Диане только это и было нужно: вскоре, к досаде Хьюго, они оказались за столиком семейства Стэндиш.
Хьюго понадобилось совсем немного времени, чтобы оценить их новую компанию. «Довольно милые, но невероятно скучные люди», — подумал он. С мистером Стэндишем он уже был знаком: встречался как-то на охоте, — а вот его жену видел впервые. Она оказалась совсем не в его вкусе, и даже не хотелось лезть из кожи вон, чтобы ей понравиться.
Сам же он был бы крайне удивлен, если бы узнал, какую точную характеристику дала ему после ужина Лоэлия в разговоре со своим мужем.
А уж когда Диана условилась со Стэндишами провести у них следующую неделю — причем, как показалось Хьюго, она сама напросилась к ним в гости, — ему едва удалось скрыть свое негодование.
— Не знаю, понравится ли тебе у нас на этот раз, — заметила Лоэлия. — Видишь ли, шумного веселья не предвидится. К нам приезжает Барри Данбар, а он ненавидит, когда в доме много народа. Мы с Джеком его очень любим. Он один из самых замечательных молодых людей, которых мы с Джеком когда-либо встречали, однако совершенно не умеет вести себя в светском обществе.

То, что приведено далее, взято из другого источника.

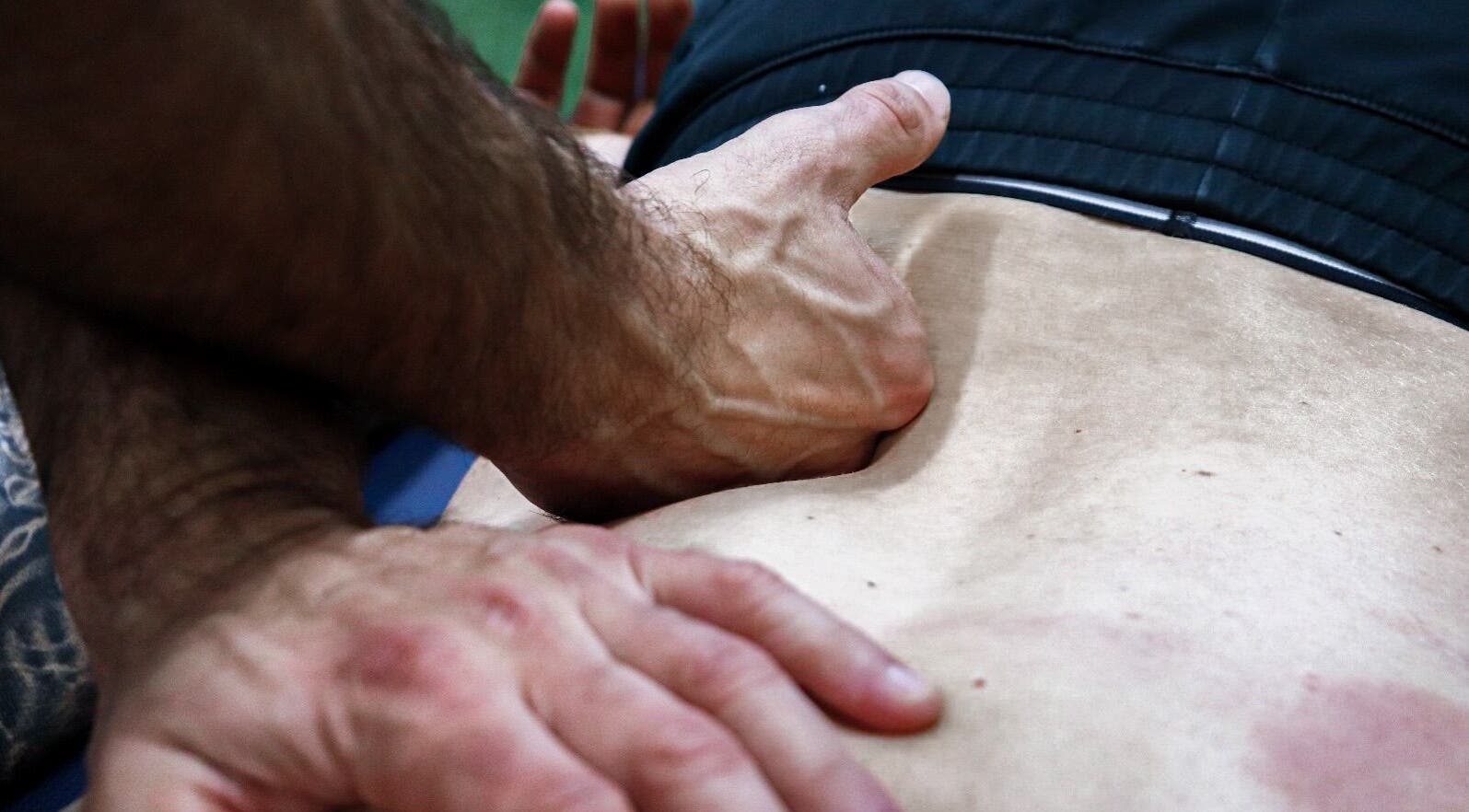 Massage sportif des muscles du dos à Methode Momentum : Massage Sportif et Coaching Mouvement à Rennes, Bretagne, FR.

— Барри, — вмешался Джек Стэндиш, — один из умнейших людей Европы. Это, конечно, мое мнение, однако вряд ли кто-то бы стал спорить со мной.
— Мне кажется, я где-то уже слышала о нем, — заметила Диана. — Он имеет какое-то отношение к Востоку?
— Самое непосредственное, — ответила Лоэлия. — Он изъездил всю Индию и Китай и привез в Европу несколько еще не переведенных бесценных древних рукописей.
— Барри считает, что они интересны не только с научной точки зрения. Их философские идеи могут оказать бесценную помощь нашим современникам.
— Мало у кого сейчас есть время для философии, — насмешливо заметил Хьюго.
— И очень жаль, — отозвалась Лоэлия. — Потому-то большинство людей— так несчастны. Когда у человека серьезные проблемы, лишь философское отношение к жизни может помочь ему избавиться от них.
— Мне очень хочется познакомиться с мистером Данбаром, — проговорила Диана. — Похоже, он действительно неординарный человек, а это так интересно.
Лоэлия на секунду встретилась глазами с мужем, и у обоих мелькнула одна и та же мысль:
«Какое мнение сложится у Барри о Диане?»
Дом Лоэлии и Джека Стэндишей находился в Малверне, в Ворчестершире. Их предки жили в нем уже на протяжении многих веков.
С годами он претерпел значительные изменения, сохранив, правда, при этом архитектурный стиль, характерный для эпохи правления короля Георга: просторные пропорционально построенные комнаты и окна с выступами, выходящие в великолепный сад.
Один из Стэндишей, живший примерно в середине восемнадцатого века, дал ему название Охотничий дом. С тех пор оно так и не менялось.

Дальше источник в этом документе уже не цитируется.